Quelle sera votre méthode pour faire accepter par les équipes la fusion envisagée ? Lors de leur audition conjointe, la semaine dernière, les directeurs généraux des deux structures concernées ont fortement insisté sur le fait que la réussite du projet résidera dans l’adhésion du personnel au nouveau modèle. Or on sait que la conduite du changement est toujours une étape délicate. Quelles mesures envisagez-vous pour garantir le soutien des équipes et des agents au nouvel établissement ?

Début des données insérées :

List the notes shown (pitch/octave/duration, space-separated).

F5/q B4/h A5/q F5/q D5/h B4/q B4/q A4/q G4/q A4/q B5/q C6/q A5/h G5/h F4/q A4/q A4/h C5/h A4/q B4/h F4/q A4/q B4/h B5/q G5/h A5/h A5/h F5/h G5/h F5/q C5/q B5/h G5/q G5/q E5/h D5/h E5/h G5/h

Enfin, quelles sont vos premières préconisations sur la forme et le mode de fonctionnement de la future structure, afin de conserver, voire de renforcer, la synergie entre les différents acteurs de la biodiversité ? Celle-ci ne doit plus souffrir des oppositions classiques, notamment entre les associations de protection de la nature et les chasseurs.

M. Guillaume Garot. Merci, monsieur le directeur général, pour votre présence ce matin et pour votre exposé lucide et pragmatique sur la fusion attendue au 1er janvier 2020.

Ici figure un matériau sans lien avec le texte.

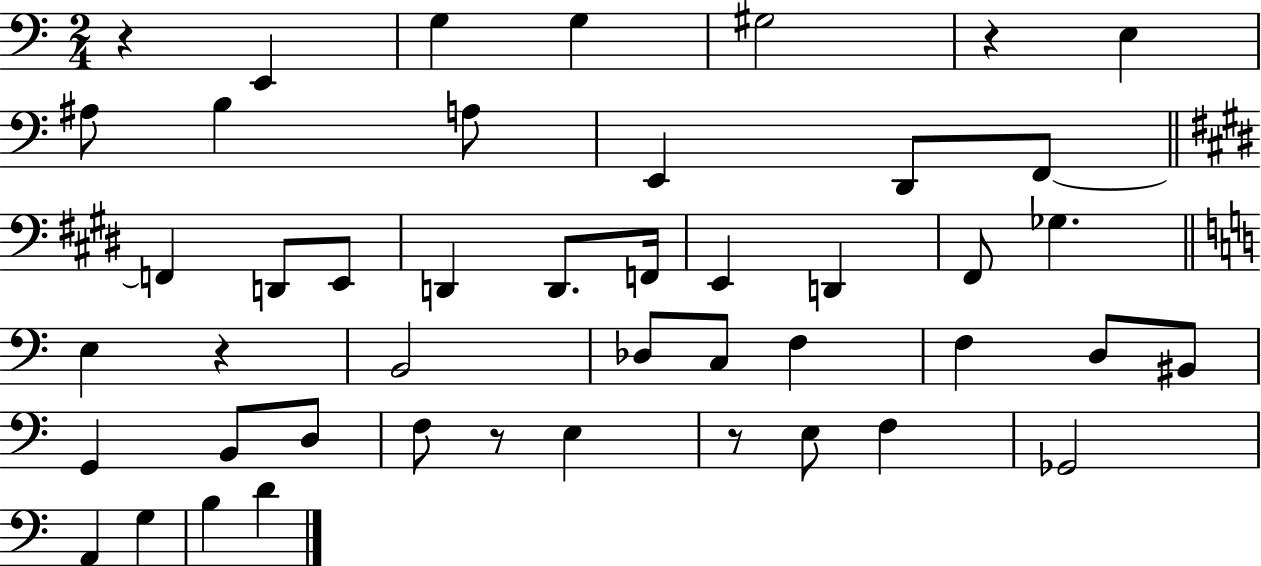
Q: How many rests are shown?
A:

Vous avez compris, en écoutant les précédentes interventions, la vigilance, l’attention et l’attente des parlementaires que nous sommes : il faut être au rendez-vous de l’ambition fixée par la loi sur la biodiversité.

La loi prévoit que l’AFB pilote la stratégie nationale. Comment le futur établissement public continuera-t-il à le faire ? Je rejoins, sur ce point, les questions de la présidente.

La régionalisation est une des avancées de la loi du 7 août 2015 portant nouvelle organisation territoriale de la République, dite « loi NOTRe » : dans le contexte financier que nous connaissons aujourd’hui – les agences de l’eau financent une partie du budget de l’AFB et la réduction du prix du permis de chasser affectera nécessairement les recettes de l’ONCFS –, comment envisagez-vous l’articulation entre la future structure et les agences régionales ? Qui fera quoi, et avec quels moyens ?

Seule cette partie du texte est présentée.